WL#3770: Unicode-compliant comparison and sorting of combining characters

Affects: Server-7.0 — Status: Assigned

Description
High Level Architecture

We should add support for combining marks, according to the Unicode standard.

The combining marks are intended to modify other characters.
The most common example of combining characters are the combining
diacritical marks (combining accents).

The combining marks code ranges
-------------------------------
* 0300–036F Combining Diacritical Marks 
* 1DC0–1DFF Combining Diacritical Marks Supplement 
* 20D0–20FF Combining Diacritical Marks for Symbols 
* FE20–FE2F Combining Half Marks 

The affected character sets
---------------------------
All character sets having combining makrs in their repertoir.
As of version 5.1, only two character sets seem to have the
combining marks:
* utf8
* ucs2


The affected collations
-----------------------
At least all UCA-based collations with tailorings
changing order of accented letters.

For example, in utf8_czech_ci and ucs2_czech_ci:

"0063 LATIN SMALL LETTER C"  <  "010D SMALL LETTER C WITH CARON"


Problems in version 5.1 and earlier
-----------------------------------
This perfectly works with the precomposed form 010D:

mysql> select _ucs2 0x0063 < _ucs2 0x010D collate ucs2_czech_ci;
+---------------------------------------------------+
| _ucs2 0x0063 < _ucs2 0x010D collate ucs2_czech_ci |
+---------------------------------------------------+
|                                                 1 |
+---------------------------------------------------+
1 row in set (0.00 sec)

However, it does not work with the decomposed form:

"0063 030C LATIN SMALL LETTER C + COMBINING CARON":

mysql> select _ucs2 0x0063 < _ucs2 0x0063030C collate ucs2_czech_ci;
+-------------------------------------------------------+
| _ucs2 0x0063 < _ucs2 0x0063030C collate ucs2_czech_ci |
+-------------------------------------------------------+
|                                                     0 |
+-------------------------------------------------------+
1 row in set (0.00 sec)

And, what is more important, precomposed and decomposed
versions of the same character are not equal to each other:

mysql> select _ucs2 0x010D = _ucs2 0x0063030C collate ucs2_czech_ci;
+-------------------------------------------------------+
| _ucs2 0x010D = _ucs2 0x0063030C collate ucs2_czech_ci |
+-------------------------------------------------------+
|                                                     0 |
+-------------------------------------------------------+
1 row in set (0.00 sec)


How it should work
------------------
This behaviour should be fixed to be Unicode complient.
The sequence of "0063 030C" should be considered to be
equivalent to "010D" as being different forms of the
same character, and thus should be equal for comparison,
and for sorting on the weight levels 1-3.


Combining classes
-----------------
Combining classes are important to resolve a sequence
of a letter followed by a number of combining marks.
For example,

"0063 032C 030C - LATIN SMALL LETTER C + COMBINING CARON BELOW + COMBINING CARON"

Combining class for:
"030C COMBINING CARON" is 230
"032C COMBINING CARON BELOW" is 220

The pair of the combining marks 032C and 030C is "exchangable",
because 230 > 220. I.e. before doing actual comparison, we should
exchange the combining marks and get this sequence:

"0063 030C 032C  - LATIN SMALL LETTER C + COMBINING CARON + COMBINING CARON  BELOW"

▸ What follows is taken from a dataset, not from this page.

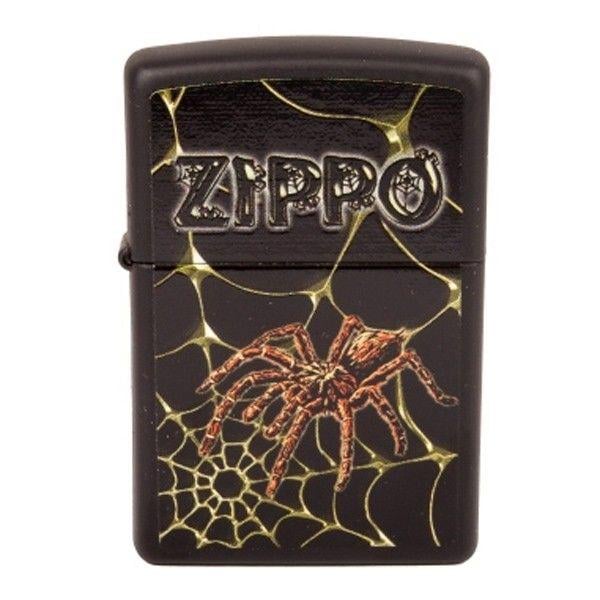 Зажигалка ZIPPO 218.184 Web and spider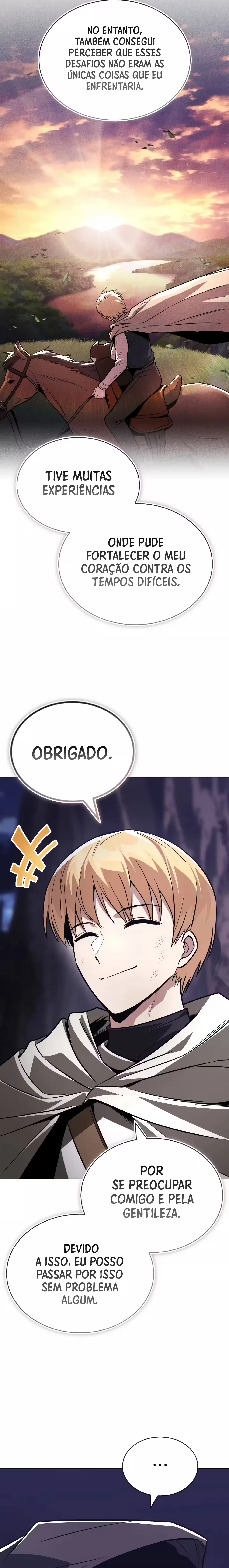 A Superação do Nobre Vagabundo capítulo 134 página 9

And, finally "0063 030C" should be resolved as being equal to "010D".

As effect, these queries should both return TRUE:

select _ucs2 0x010D = _ucs2 0x0063032C030C collate ucs2_czech_ci;
select _ucs2 0x0063 < _ucs2 0x0063032C030C collate ucs2_czech_ci;


References:
http://www.unicode.org/reports/tr10/
http://www.unicode.org/reports/tr15/
http://www.unicode.org/reports/tr44/#Canonical_Combining_Class_Values
http://en.wikipedia.org/wiki/Combining_diacritical_mark
http://en.wikipedia.org/wiki/Unicode_equivalence